Sports 247

NCAA Basketball Players, It’s Time to Study

The game just got a little more challenging for NCAA basketball players. Instead of spending all their time on the court they are going to have to spend a lot more of it studying in the library if they want a chance to play in the tournament. The specifics of the upcoming change which has already been unanimously approved are as follows: Any team that does not have a 930 Academic Progress Rate (the rate being averaged over a period of four years) will be barred from all postseason competition. A quick look back at history shows us that quite a number of tournament winners would have in fact been barred from playing had this rule already been in effect.

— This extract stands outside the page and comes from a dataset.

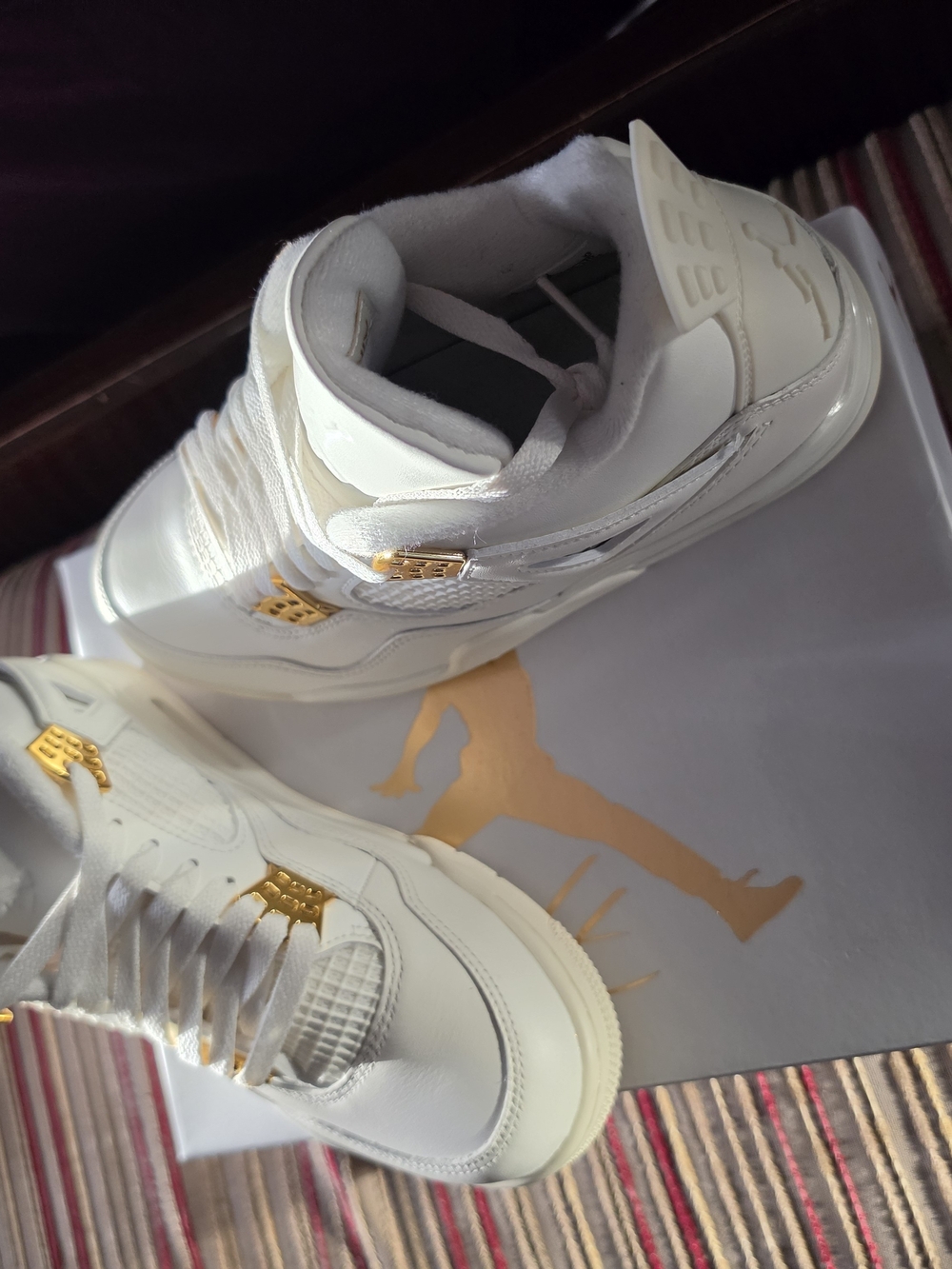 AIR Jordan Women's White and Gold Sneakers SIZE 8 USED ONCE. IN GREAT CONDITION - Picture 7 of 16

One of the biggest challenges inherent in this change will be for small schools. Many larger schools have a support team in place to help their athletes perform scholastically. Without these resources, smaller schools will rely on the athletes themselves to put in time both on the court and in the classroom. This will also increase the pressure on high school students who are looking for scholarships to prove themselves academically in order to prove that they won’t threaten a team’s Academic Progress Rate. It will also be a matter of great importance for coaches to ensure that they don’t lose their chance at the tournament – student’s academic performances will reflect on them in a way that previously only their athletic performances did.

Some may feel that these higher standards will make it harder for teams to excel and will cause truly great players and teams to miss opportunities. The obvious response to that is this: we’re talking about college basketball. College is first and foremost a school wherein one learns, generally with the end goal of receiving a diploma. If that isn’t important to a player, then perhaps college is the wrong place for them.